As redes sociais, quando usadas de forma consciente, tornam-se aliadas poderosas na luta contra o tráfico humano internacional, promovendo educação digital, denuncia de perfis suspeitos e apoio a campanhas de conscientização, que são passos essenciais para proteção de indivíduos vulneráveis e ao impedimento de que criminosos usem essas plataformas para seus fins, mas que tenham medo delas.
As redes não são apenas um campo de vulnerabilidade, mas também uma arma importante de proteção para empoderar e proteger potenciais vítimas, principalmente as mais vulneráveis, bem como educar usuários, aprimorar tecnologias e promover ações colaborativas, e assim promover transformações nesses espaços digitais, e transformas as plataformas de redes sociais em aliados contra o tráfico de pessoas internacional.
Ademais, a Coordenação-Geral de Enfrentamento ao Tráfico de Pessoas e Contrabando de Migrantes do Ministério da Justiça e Segurança Pública (CGETP/MJSP) lançou no final do ano de 2022, o Sistema de Informações sobre Tráfico de Pessoas (SiSETP) e o Manual de Prevenção ao Contrabando de Migrantes, em parceria com a Organização Internacional para Migrações (OIM) e o Programa Eurofront, financiado pela União Europeia.
O Sistema de Informações sobre Tráfico de Pessoas foi desenvolvido com o objetivo de suprir a necessidade de informações e estatísticas sobre o tráfico de pessoas, bem como, fortalecer o enfrentamento desse crime, com ações de prevenção, repressão e proteção às vítimas.
1.5 A Prevenção e o Combate Ao Tráfico Internacional De Pessoas
O primeiro passo para combater o crime de tráfico internacional de pessoas é entender e reconhecer a gravidade e a complexidade de executar a união da sociedade e os governos internacionais, para conseguir identificar formas eficazes de conscientização, investigação dos criminosos e coibir a proliferação de grupos que possuem o objetivo de executar o crime. Diante disso, a sociedade poderá avançar rumo a preservação da dignidade humana, independente das vulnerabilidades presentes na sociedade.
É essencial que os governos, as organizações internacionais, as empresas de tecnologia e a sociedade civil se aliem no objetivo de desmantelar redes criminosas e garantir a proteção das vítimas, restando claro que a cooperação internacional é o foco principal para o enfrentamento de um crime tão grande como esse, que atinge diretamente o ser humano e todos os seus direitos.
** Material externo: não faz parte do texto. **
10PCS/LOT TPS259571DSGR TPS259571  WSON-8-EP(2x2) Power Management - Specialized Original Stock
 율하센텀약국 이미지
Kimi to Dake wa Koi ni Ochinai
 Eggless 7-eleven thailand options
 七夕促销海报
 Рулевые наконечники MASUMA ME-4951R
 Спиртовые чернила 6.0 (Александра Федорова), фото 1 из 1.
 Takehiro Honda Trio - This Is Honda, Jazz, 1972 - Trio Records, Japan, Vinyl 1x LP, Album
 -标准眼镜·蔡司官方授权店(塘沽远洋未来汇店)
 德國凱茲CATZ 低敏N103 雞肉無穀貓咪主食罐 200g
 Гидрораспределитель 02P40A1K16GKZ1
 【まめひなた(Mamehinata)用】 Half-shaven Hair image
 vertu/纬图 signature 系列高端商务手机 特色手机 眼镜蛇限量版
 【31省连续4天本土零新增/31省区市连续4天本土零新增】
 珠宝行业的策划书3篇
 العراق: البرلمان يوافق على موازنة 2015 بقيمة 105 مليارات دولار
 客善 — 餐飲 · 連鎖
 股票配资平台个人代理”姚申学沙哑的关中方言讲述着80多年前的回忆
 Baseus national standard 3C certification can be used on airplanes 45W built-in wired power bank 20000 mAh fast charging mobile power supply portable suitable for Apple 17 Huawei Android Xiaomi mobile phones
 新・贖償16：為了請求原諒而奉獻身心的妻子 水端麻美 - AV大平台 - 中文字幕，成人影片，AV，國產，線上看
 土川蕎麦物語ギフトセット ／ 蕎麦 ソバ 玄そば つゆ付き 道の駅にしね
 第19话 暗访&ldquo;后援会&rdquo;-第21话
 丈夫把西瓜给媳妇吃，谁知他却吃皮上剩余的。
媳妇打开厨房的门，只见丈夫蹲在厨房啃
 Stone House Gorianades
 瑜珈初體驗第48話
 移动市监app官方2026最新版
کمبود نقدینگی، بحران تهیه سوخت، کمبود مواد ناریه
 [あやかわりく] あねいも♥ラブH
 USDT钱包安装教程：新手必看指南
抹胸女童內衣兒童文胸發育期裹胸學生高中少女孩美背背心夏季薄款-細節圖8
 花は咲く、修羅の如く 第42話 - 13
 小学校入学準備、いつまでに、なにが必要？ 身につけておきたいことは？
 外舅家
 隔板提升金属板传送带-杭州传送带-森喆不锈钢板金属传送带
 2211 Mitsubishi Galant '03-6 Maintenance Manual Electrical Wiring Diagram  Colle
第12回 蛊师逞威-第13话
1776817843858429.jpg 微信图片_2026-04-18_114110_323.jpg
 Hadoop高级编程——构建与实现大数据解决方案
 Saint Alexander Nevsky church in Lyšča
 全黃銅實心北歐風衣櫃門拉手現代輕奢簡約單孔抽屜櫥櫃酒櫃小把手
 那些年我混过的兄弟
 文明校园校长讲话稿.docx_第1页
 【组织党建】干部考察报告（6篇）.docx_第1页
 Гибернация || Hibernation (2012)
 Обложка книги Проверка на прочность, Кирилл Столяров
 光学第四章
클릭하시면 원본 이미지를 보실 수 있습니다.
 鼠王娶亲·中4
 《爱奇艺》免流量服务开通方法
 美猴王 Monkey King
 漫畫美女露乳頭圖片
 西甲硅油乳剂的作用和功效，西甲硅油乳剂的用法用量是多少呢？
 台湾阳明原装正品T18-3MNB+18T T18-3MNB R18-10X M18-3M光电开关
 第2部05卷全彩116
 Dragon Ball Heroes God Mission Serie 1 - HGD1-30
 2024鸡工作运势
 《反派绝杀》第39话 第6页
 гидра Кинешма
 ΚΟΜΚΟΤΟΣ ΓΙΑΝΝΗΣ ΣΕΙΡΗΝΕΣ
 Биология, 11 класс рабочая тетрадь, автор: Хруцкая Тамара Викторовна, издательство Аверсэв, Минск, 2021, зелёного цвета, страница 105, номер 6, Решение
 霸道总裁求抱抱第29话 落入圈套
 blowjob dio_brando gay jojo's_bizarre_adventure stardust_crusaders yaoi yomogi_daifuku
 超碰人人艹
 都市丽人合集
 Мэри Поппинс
A troca de informações entre os governos e os países é um elemento importante para o combate eficientemente do tráfico humano, além dos investimentos em tecnologia e inteligência artificial que podem ser utilizados para o rastreamento e desmantelamento das redes criminosas que operam no ambiente digital. No Brasil, a Política Nacional de Enfrentamento ao Tráfico de Pessoas15 (Decreto nº 5.948/2006) é um exemplo de como o Estado pode agir de forma estruturada e coordenada.
O combate ao tráfico humano na era digital exige uma abordagem multifacetada e multidimensional, que inclua prevenção, repressão e assistência às vítimas. Diversas medidas preventivas devem focar na educação e conscientização das comunidades vulneráveis que são os focos dos criminosos, além de promover a regulação e o monitoramento das plataformas digitais, principalmente das crianças e adolescentes.
As autoridades precisam intensificar a fiscalização das plataformas digitais, monitorando e identificando comportamentos suspeitos, ainda, a conscientização e educação sobre os perigos da internet são importantes, principalmente para as crianças e adolescentes, bem como os migrantes e pessoas em situação de pobreza.
O combate ao tráfico humano na era digital é desafiador, diante da natureza descentralizada, principalmente de sites como a Dark Web que se torna uma aliada dos criminosos que se utilizam de outras redes sociais, dificultando a identificação e a interrupção das atividades dos traficantes. Todavia, as autoridades vêm se esforçando para enfrentar essa grande ameaça.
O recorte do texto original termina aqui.